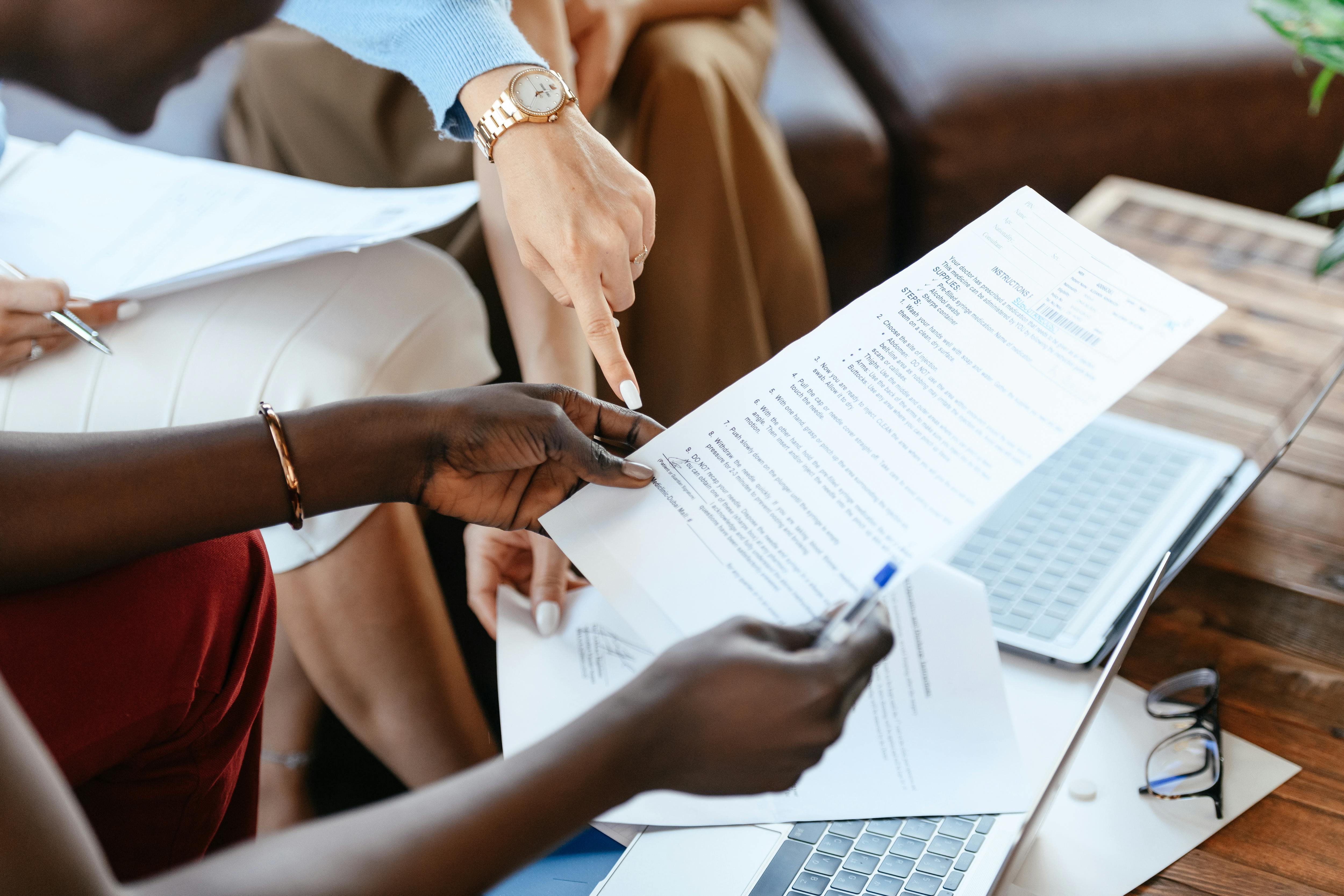 People collaborating on a document at a table, with one person pointing at a printed page while another holds it over a laptop.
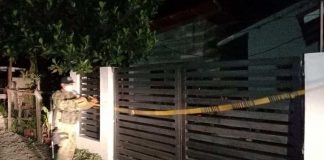 A policeman removes the barrier tape cordoning the house of a frontliner under quarantine in Barangay Calala, Hamtic, Antique. PHOTOS FROM FACEBOOK PAGE OF MAYOR JUNJUN PACIFICADOR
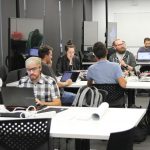 Participants working at the Evidence Synthesis Hackathon in Australia in 2019. (Courtesy of Neal Haddaway)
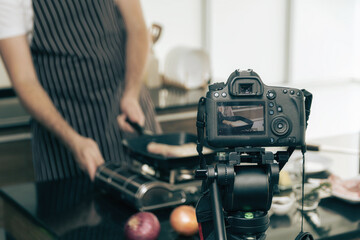 Close up of a video camera filming.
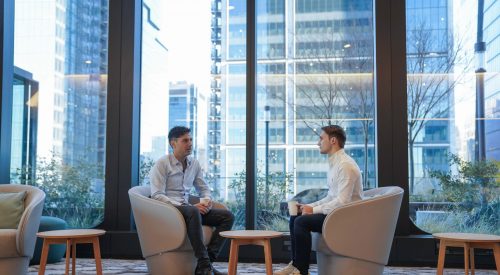 Two people sitting and talking in Point72's Hudson Yards office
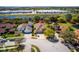 Aerial view of a single Gathering home with a well-manicured lawn and mature trees at 6854 Remington View Ct, Orlando, FL 32829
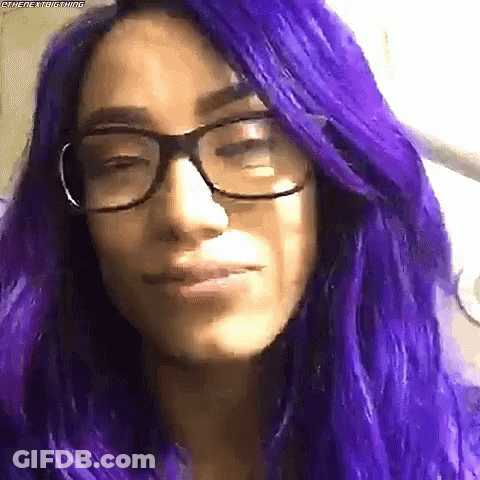 A Woman With Purple Hair And Glasses Makes A Funny Face . GIF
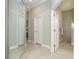 Elegant hallway with a large mirror and neutral color palette at 10958 Trevino St, Englewood, FL 34223
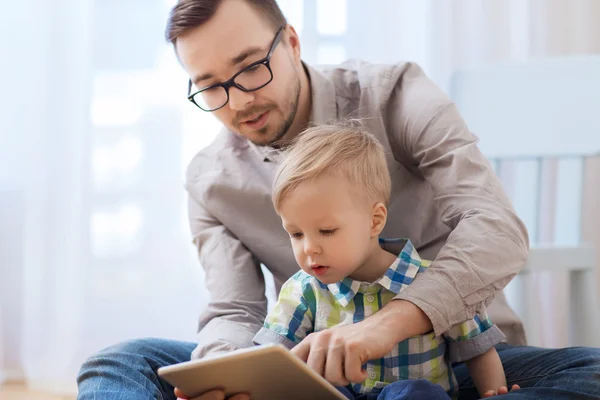 Pai e filho com tablet pc jogando em casa — Fotografia de Stock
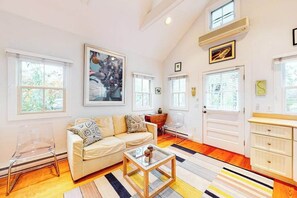 Ein Wohnzimmer mit einer Couch, einem Couchtisch und Kunstwerken an der Wand.
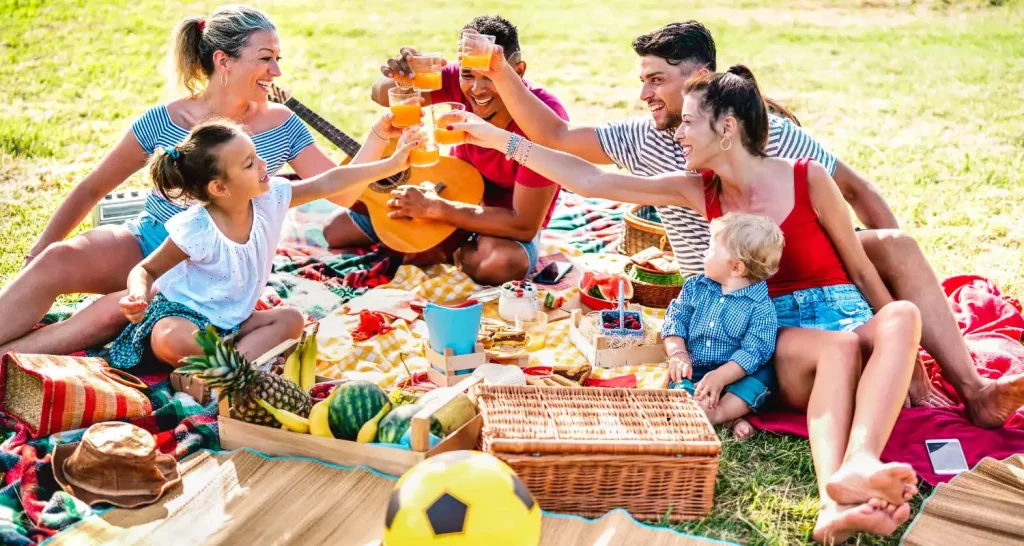 Familie beim Picknick auf der Wiese im Green Mubazzarah Park mit Obst und Spielen.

------------------------------------

**WHAT NEEDS TO BE DONE**
Exact repeat of the material above: every line from the one with "Elegant hallway with" through the one with "Ein Wohnzimmer mit", endpoints included, and nothing more. No pictures.

**ANSWER TO THIS TASK**
 Elegant hallway with a large mirror and neutral color palette at 10958 Trevino St, Englewood, FL 34223
 Pai e filho com tablet pc jogando em casa — Fotografia de Stock
 Ein Wohnzimmer mit einer Couch, einem Couchtisch und Kunstwerken an der Wand.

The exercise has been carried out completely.